From a woman, Alice Walker, that has written two books after interviewing countless users of Ashley Madison:
"Where a lack of sexual satisfaction at home motivates women to seek out affairs, men crave the emotional connection and support their spouse neglects to provide. For married women, their own orgasms and sexual pleasure motivated them, while for men hearing praise for their sexual prowess made men feel worthy and manly. It is the cry for external validation, particularly at a low point in middle age. Articulating that feeling of under-appreciation and asking, “Why aren’t you interested in me anymore?” can be a very hard thing to do. How did it come to this? An inequality of the division of household labor results in some long-held resentment on the part of their wives. Possibly it’s simply that household chores, her job and childcare dominated their wives’ time and energy, leaving nothing left for their husbands. Regardless, these men internalized the dynamics in those relationships as a condemnation of them and their masculinity. To them, their wives treat sex as a chore and lack all enthusiasm about it. Men internalize that disinterest as, “I’m not good enough” and “I’m a disappointment.” They feel undervalued not only as a sexual partner, but as a person. Their outside partners function as the person to whom they go for that praise and recognition. And more often than not, just one “monogamous” affair partner is all they need, unlike studies that show many married women, prefer to maintain several concurrent affairs."

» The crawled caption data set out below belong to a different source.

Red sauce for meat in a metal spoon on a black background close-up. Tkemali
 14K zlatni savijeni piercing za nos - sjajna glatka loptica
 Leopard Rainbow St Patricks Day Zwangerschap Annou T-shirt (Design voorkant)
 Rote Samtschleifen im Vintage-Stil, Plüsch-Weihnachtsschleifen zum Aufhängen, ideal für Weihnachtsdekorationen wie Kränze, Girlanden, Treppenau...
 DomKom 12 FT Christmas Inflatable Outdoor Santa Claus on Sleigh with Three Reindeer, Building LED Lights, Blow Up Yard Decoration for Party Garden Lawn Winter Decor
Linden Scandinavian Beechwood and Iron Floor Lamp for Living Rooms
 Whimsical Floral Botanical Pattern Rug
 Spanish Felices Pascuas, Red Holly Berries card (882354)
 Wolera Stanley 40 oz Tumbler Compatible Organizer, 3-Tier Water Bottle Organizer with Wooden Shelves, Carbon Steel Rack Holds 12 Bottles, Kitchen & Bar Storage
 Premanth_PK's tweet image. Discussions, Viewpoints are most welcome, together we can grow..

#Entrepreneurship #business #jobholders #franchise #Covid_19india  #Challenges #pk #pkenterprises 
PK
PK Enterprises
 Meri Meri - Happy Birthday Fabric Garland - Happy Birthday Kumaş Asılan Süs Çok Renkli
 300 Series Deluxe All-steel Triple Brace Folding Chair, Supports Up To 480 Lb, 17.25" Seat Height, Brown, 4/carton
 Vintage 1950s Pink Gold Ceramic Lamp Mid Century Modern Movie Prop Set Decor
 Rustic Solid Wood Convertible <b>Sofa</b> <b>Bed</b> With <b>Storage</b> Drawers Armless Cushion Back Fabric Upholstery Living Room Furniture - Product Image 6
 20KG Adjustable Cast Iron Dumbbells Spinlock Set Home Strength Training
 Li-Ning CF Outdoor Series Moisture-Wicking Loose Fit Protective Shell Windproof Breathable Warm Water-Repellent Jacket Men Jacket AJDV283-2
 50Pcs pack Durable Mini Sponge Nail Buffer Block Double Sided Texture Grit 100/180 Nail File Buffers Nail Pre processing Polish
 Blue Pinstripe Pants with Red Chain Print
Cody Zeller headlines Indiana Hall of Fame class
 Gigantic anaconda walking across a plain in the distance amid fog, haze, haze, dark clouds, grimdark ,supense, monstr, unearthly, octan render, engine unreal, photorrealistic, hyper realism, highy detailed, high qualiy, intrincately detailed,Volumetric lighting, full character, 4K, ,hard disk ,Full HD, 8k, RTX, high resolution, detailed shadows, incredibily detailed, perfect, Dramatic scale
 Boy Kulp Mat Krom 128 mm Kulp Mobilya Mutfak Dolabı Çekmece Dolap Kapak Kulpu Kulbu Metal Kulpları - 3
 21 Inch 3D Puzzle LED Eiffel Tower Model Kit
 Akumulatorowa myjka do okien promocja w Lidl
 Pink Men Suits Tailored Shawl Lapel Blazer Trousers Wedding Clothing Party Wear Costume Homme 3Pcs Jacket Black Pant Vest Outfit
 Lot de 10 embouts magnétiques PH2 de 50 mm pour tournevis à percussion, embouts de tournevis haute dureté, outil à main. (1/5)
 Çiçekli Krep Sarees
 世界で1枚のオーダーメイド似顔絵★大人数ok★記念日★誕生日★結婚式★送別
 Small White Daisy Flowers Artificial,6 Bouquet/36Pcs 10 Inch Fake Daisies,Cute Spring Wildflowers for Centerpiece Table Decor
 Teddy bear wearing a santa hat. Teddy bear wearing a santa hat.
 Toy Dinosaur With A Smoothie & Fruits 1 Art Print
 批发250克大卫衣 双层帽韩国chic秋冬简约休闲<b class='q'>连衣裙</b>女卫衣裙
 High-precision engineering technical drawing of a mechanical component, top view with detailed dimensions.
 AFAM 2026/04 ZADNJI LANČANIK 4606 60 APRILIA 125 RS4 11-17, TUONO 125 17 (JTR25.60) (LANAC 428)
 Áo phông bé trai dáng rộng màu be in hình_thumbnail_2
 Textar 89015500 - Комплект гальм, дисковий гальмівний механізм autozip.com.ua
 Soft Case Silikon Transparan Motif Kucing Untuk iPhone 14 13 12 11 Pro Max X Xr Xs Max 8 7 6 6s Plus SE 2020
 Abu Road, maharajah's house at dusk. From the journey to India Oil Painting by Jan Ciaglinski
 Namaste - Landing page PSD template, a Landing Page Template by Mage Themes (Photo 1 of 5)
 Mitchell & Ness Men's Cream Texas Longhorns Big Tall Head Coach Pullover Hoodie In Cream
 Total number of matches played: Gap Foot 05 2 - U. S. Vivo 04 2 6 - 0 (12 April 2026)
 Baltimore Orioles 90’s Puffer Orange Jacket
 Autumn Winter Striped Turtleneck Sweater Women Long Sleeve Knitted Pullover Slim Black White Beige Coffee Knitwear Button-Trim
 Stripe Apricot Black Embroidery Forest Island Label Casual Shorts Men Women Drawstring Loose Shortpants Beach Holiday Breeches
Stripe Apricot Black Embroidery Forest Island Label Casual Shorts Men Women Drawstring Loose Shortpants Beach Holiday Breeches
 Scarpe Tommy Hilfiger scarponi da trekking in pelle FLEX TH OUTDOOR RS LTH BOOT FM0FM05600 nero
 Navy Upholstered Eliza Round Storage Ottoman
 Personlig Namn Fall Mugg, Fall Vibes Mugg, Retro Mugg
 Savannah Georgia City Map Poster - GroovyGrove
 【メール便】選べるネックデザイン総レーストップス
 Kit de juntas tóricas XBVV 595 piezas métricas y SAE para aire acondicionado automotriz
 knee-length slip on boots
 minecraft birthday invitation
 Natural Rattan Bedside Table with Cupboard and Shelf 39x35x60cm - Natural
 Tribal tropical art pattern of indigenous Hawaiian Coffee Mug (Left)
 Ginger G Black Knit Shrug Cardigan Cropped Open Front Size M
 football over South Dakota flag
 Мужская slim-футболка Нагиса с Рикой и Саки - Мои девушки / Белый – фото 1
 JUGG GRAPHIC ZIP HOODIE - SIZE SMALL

A total disinterest in changing their home life exists as a common understanding between affair partners. That is, they prefer the life they share with their spouse. As I mentioned, these men carry a deep love for their wife and 96% of them have absolutely no interest in leaving the marriage. One participant says:
“[My outside partner and I] know that we do not desire a change in our primary partners. We are not ‘in love.’ We enjoy each other, thank each other, and go back to our lives. My wife is my best friend. I enjoy her immensely. Our personalities match well. Our goals are well aligned, as I believe are the goals of my outside partner.”
These men were in real pain before they decided to cheat, both from the neglect they were facing and the realization that the reality of marriage didn’t line up with their expectations. For many, part of that pain persists knowing that the woman who’s now satisfying their needs isn’t the one woman they ultimately want that satisfaction from: Their wife.
Would these men be happiest with just their wife? Contrary to the common “men can’t resist temptation” narrative, yes, they would be (most men actually enjoy monogamy and are often far less interested in the idea of an open marriage than women are). But circumstances change and reality sets in.
Anonymous wrote:As others have stated, every person is different and so is every marriage and every cheater.
From a woman, Alice Walker, that has written two books after interviewing countless users of Ashley Madison:
"Where a lack of sexual satisfaction at home motivates women to seek out affairs, men crave the emotional connection and support their spouse neglects to provide. For married women, their own orgasms and sexual pleasure motivated them, while for men hearing praise for their sexual prowess made men feel worthy and manly. It is the cry for external validation, particularly at a low point in middle age. Articulating that feeling of under-appreciation and asking, “Why aren’t you interested in me anymore?” can be a very hard thing to do. How did it come to this? An inequality of the division of household labor results in some long-held resentment on the part of their wives. Possibly it’s simply that household chores, her job and childcare dominated their wives’ time and energy, leaving nothing left for their husbands. Regardless, these men internalized the dynamics in those relationships as a condemnation of them and their masculinity. To them, their wives treat sex as a chore and lack all enthusiasm about it. Men internalize that disinterest as, “I’m not good enough” and “I’m a disappointment.” They feel undervalued not only as a sexual partner, but as a person. Their outside partners function as the person to whom they go for that praise and recognition. And more often than not, just one “monogamous” affair partner is all they need, unlike studies that show many married women, prefer to maintain several concurrent affairs."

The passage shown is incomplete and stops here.